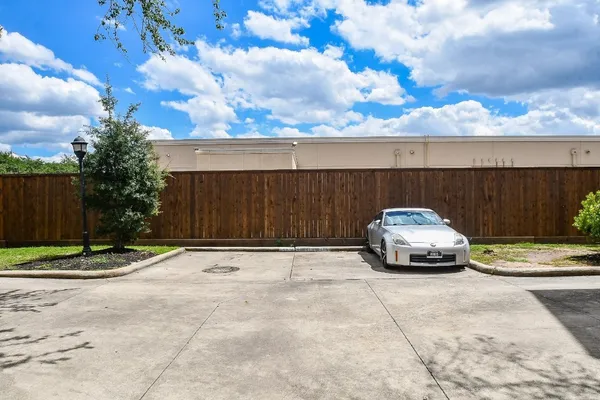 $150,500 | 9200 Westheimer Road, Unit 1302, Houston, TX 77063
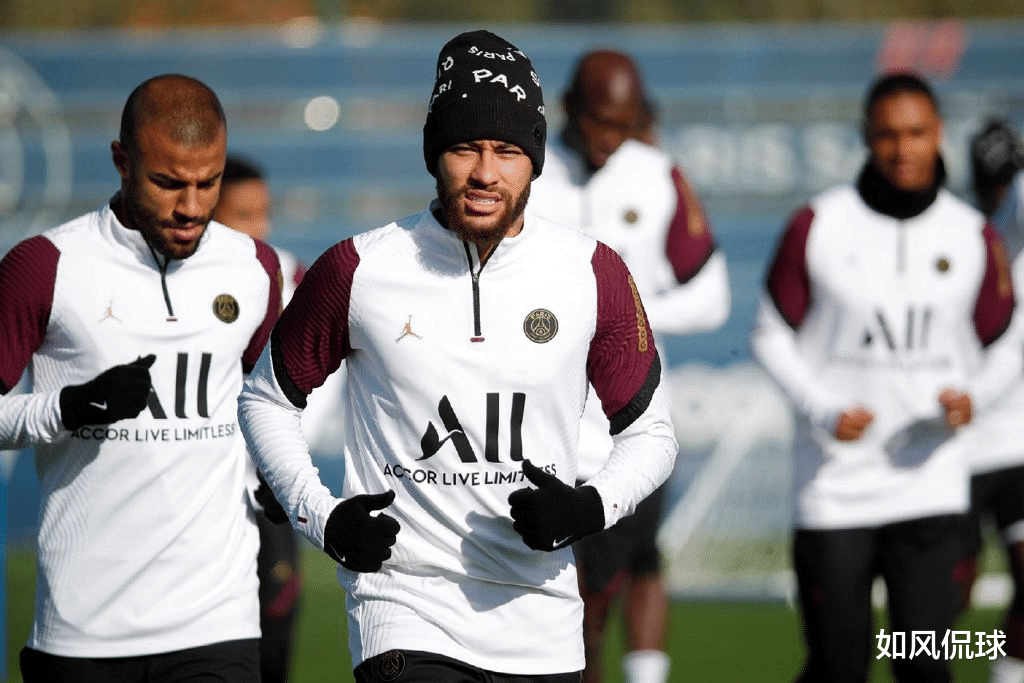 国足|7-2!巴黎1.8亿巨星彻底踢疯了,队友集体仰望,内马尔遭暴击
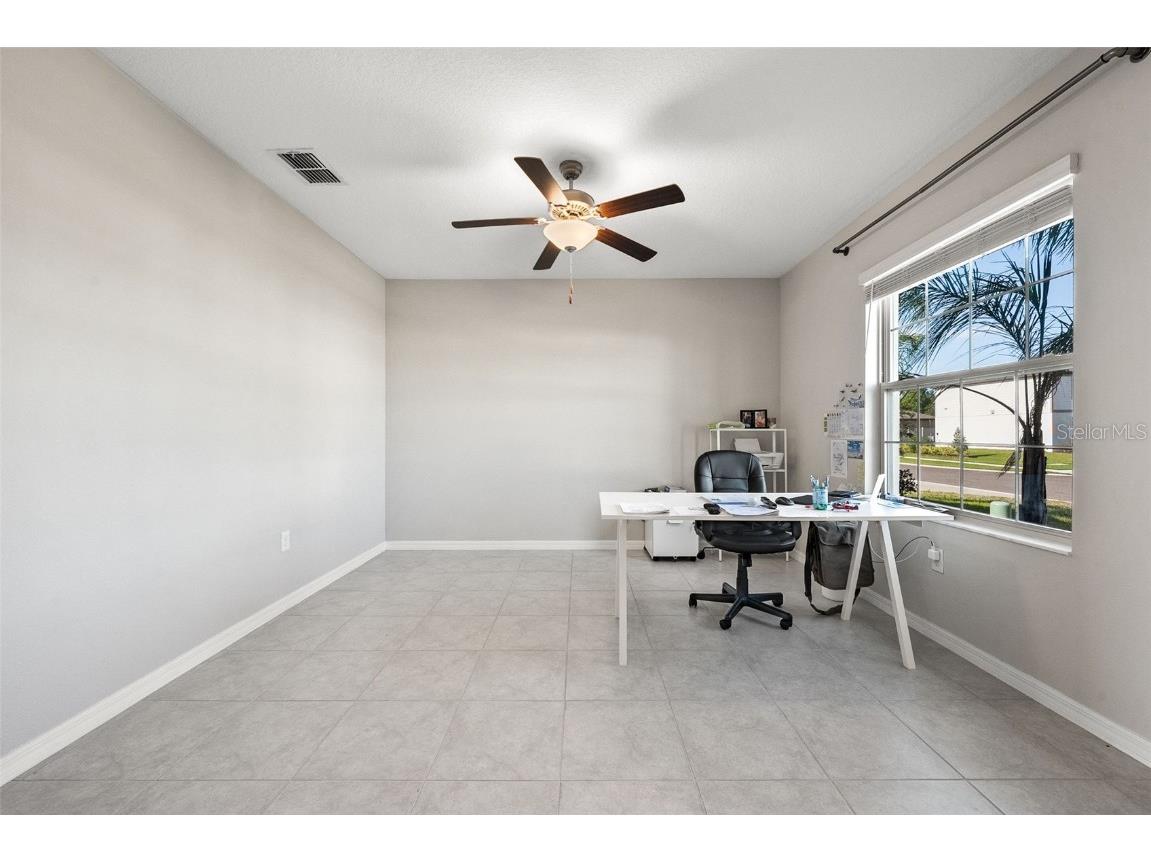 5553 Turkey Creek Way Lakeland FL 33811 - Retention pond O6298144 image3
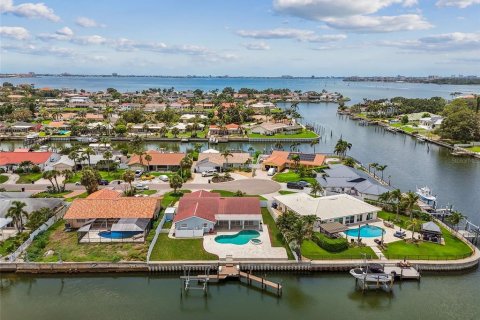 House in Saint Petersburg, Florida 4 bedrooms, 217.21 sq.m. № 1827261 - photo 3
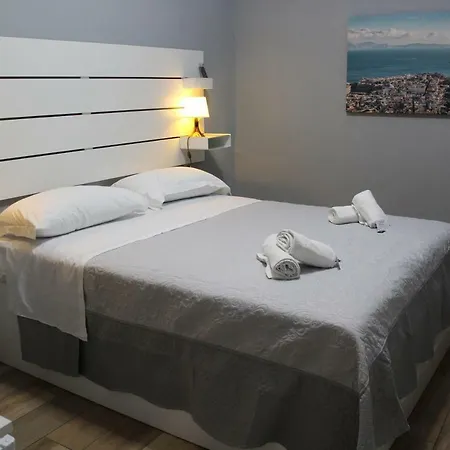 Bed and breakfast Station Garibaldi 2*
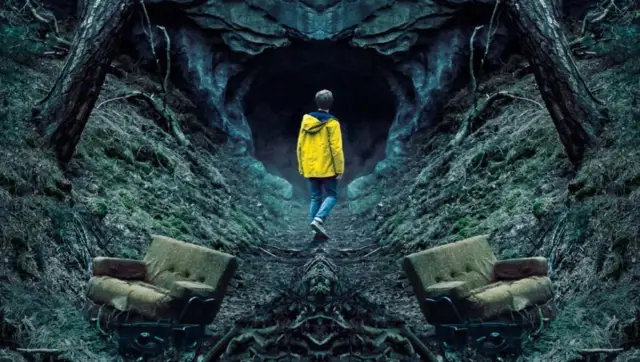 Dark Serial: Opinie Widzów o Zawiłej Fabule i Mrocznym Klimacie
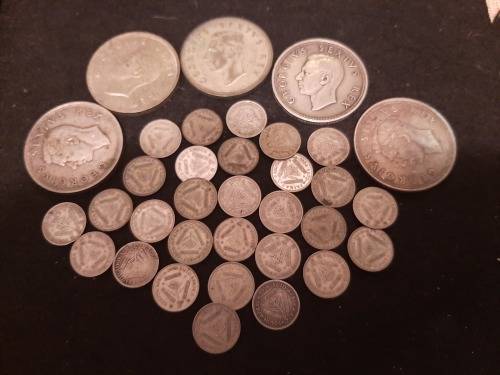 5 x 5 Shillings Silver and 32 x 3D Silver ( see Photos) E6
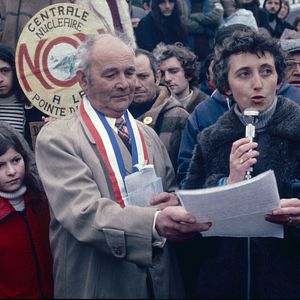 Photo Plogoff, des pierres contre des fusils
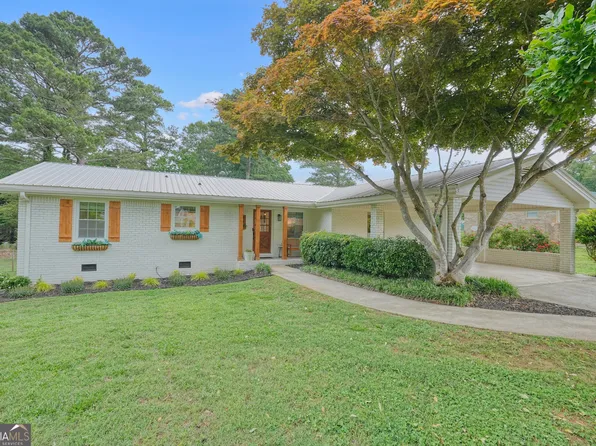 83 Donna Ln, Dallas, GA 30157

————————

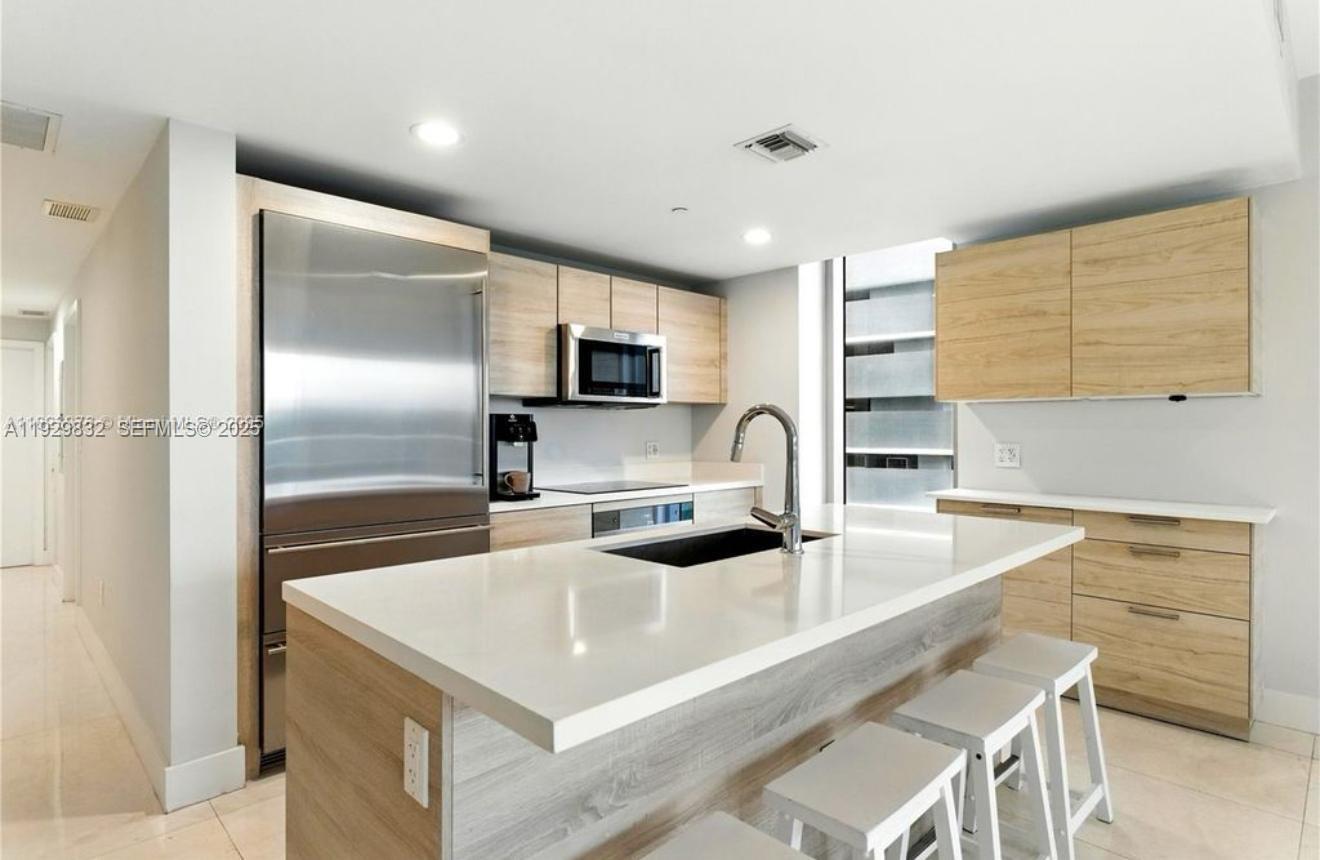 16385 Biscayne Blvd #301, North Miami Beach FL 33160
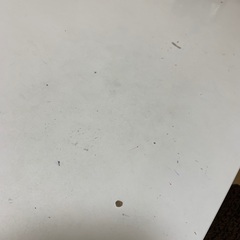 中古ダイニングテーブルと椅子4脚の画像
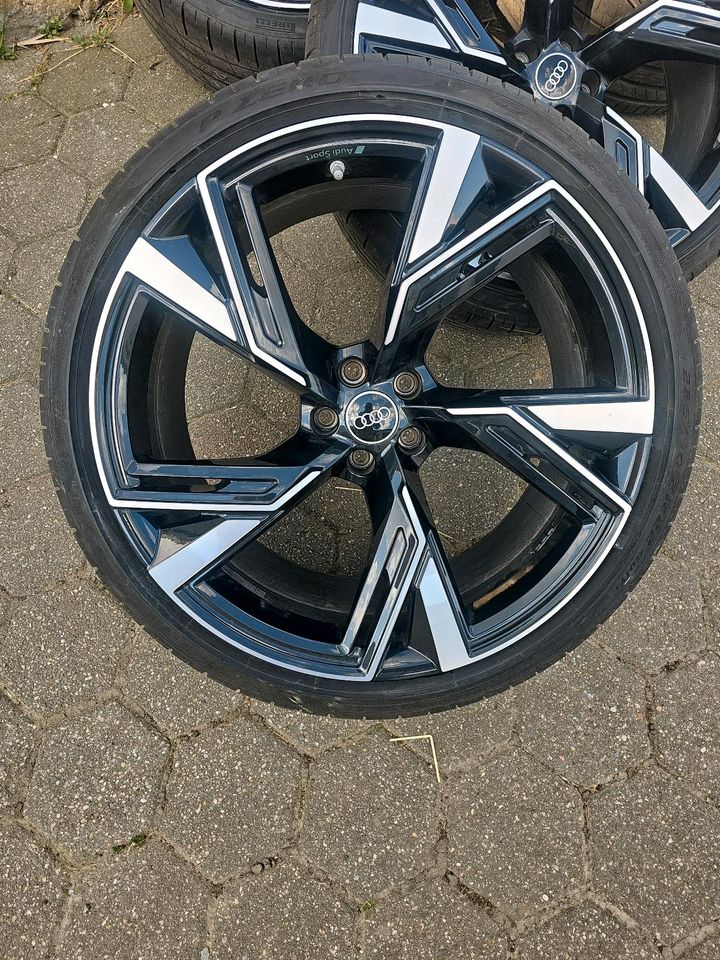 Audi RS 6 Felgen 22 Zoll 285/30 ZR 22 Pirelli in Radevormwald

————————

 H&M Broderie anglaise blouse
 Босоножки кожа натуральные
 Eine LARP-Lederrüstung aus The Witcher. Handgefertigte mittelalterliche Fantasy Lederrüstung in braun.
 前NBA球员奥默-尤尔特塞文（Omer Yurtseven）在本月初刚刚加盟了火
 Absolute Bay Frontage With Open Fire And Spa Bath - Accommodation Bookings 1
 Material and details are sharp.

————————

§ WHAT THE TASK REQUIRES
Would you print exactly the lines in the listing above, from the line bearing "5 x 5 Shillings" through the line bearing "83 Donna Ln, Dallas, GA 30157", leaving out all pictures?

§ YOUR SOLUTION
 5 x 5 Shillings Silver and 32 x 3D Silver ( see Photos) E6
 Photo Plogoff, des pierres contre des fusils
 83 Donna Ln, Dallas, GA 30157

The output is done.